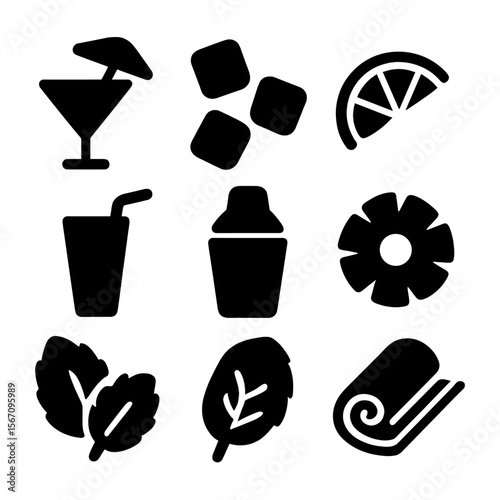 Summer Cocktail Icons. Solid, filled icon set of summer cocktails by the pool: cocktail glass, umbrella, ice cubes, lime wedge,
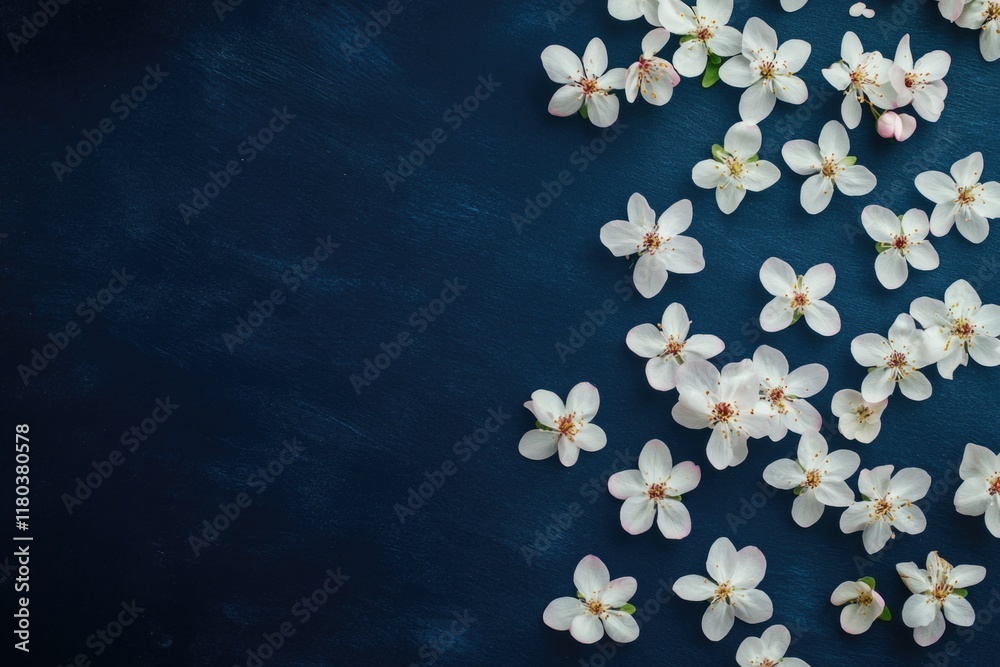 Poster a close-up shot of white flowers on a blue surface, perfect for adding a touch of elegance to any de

------------------------------------------------------------------------

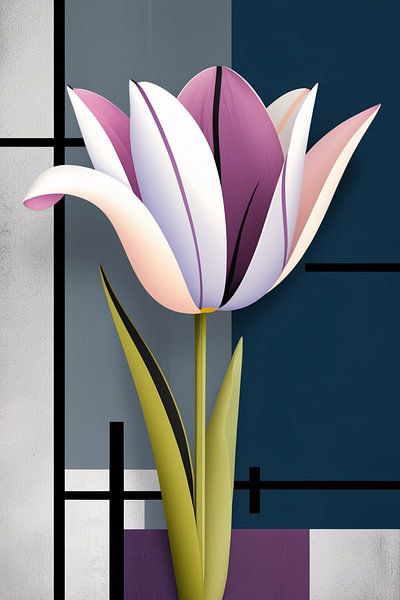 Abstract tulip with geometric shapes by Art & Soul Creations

------------------------------------------------------------------------

### [Exercise goal]
Return exactly the lines of the material above, starting at the line containing "Summer Cocktail Icons." and finishing at the line containing "Poster a close-up", without any pictures.

### [Finished task]
 Summer Cocktail Icons. Solid, filled icon set of summer cocktails by the pool: cocktail glass, umbrella, ice cubes, lime wedge,
 Poster a close-up shot of white flowers on a blue surface, perfect for adding a touch of elegance to any de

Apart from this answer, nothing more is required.